Walls puffed out a righteous chest. “My client asserts his innocence. And that, Harry, is all I need.”
Nautilus started down the hall. A dozen feet away, he turned his head over his shoulder, said, “Crandell.” Nautilus got three steps before Walls was in front of him.
“Christ. What did you just say, Harry?”
“The Kincannons have a pipeline into Shuttles for various ongoing necessaries. Crandell’s the intermediary. You ratted Crandell out to me, Walls, remember?”
Walls looked seasick. “Harry, I did no such-”
“I’m in contact with Crandell by e-mail. I’m gonna go write him back, remind Crandell of his old friend Preston Walls from Barton, Turnbull and Pryce. ‘Rabies sloshing under his pupils.’ That’s what you said about him, right?”

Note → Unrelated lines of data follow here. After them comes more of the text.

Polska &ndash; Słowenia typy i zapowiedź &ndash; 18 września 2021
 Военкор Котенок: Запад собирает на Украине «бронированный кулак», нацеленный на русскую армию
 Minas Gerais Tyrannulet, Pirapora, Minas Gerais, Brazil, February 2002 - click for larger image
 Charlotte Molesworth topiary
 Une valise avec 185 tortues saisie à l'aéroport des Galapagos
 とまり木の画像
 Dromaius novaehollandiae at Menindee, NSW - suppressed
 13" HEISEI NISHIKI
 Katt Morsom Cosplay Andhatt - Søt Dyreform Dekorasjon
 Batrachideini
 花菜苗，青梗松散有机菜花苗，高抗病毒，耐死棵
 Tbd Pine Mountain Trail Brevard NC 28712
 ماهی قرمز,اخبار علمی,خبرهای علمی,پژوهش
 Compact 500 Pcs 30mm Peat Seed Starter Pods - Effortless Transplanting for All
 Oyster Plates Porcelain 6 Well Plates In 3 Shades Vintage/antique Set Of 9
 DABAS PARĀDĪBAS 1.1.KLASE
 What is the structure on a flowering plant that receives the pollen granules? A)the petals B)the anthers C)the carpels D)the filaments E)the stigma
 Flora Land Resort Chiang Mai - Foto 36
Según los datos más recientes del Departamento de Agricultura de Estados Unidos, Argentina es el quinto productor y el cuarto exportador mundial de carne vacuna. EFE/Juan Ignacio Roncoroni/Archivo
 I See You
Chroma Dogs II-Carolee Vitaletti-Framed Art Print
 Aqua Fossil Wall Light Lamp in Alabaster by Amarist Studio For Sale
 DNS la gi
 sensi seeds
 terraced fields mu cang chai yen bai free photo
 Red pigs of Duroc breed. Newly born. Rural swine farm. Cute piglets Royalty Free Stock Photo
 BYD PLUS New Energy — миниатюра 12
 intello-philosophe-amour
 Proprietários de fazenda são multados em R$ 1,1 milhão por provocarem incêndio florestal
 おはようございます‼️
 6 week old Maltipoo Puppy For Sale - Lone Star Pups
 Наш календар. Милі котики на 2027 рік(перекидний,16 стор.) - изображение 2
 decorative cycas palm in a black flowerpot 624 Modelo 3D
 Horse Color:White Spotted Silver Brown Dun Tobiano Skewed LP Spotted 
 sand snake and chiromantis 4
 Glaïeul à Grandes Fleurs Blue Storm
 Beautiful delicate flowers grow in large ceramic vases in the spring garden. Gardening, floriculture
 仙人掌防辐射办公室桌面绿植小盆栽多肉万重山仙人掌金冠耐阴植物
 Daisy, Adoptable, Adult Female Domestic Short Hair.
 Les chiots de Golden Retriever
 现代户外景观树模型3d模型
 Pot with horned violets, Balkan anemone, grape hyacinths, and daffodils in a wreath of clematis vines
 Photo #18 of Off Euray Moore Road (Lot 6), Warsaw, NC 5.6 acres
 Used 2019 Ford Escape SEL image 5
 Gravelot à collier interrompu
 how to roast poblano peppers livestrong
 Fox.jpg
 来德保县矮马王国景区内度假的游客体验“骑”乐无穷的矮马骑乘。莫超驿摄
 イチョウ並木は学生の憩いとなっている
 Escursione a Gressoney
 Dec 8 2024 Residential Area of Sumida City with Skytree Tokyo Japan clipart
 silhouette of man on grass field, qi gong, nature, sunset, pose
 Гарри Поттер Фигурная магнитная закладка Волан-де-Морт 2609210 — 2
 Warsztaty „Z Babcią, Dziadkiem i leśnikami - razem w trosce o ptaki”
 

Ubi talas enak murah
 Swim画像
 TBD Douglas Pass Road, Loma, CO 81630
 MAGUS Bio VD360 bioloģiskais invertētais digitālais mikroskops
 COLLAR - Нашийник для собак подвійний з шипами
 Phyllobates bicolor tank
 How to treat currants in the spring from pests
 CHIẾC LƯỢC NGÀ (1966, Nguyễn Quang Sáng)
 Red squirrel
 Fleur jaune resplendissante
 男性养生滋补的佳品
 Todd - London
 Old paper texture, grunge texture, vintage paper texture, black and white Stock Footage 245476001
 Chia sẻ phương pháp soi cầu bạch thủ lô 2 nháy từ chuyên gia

Walls’s flesh had turned the color of lard. Sweat peppered his forehead.
“You can’t do this.”
Nautilus clasped the attorney’s shoulder, gave it a gentle squeeze. “If Crandell doesn’t come to me, Walls, I bet he comes to you.”
Walls said, “Let me go talk to my client. Perhaps I can-”
“Lie to him, Walls. You know how it’s done. I’ll be right here.”
Five minutes later, Walls came through. Shuttles, apparently thinking he was showing good faith for a deal agreement, wrote a return message on a slip of paper.
Loc B cnfirm. 11 pm cnfirm. IO 50G to man in? Route per rehrsl. 90 min. Don’t frgt: IO 50Gs.
A confirmation of location B at eleven tonight, two hours; “I owe 50 grand.”
Shuttles also passed along driving directions. Not far, just on the north side of Mobile. Nautilus called Forensics, had Claypool send the message from Shuttles’s computer. He took out his service weapon, checked the clip, patted the two extras in his pocket. He’d get there early, scope out the territory. Wait.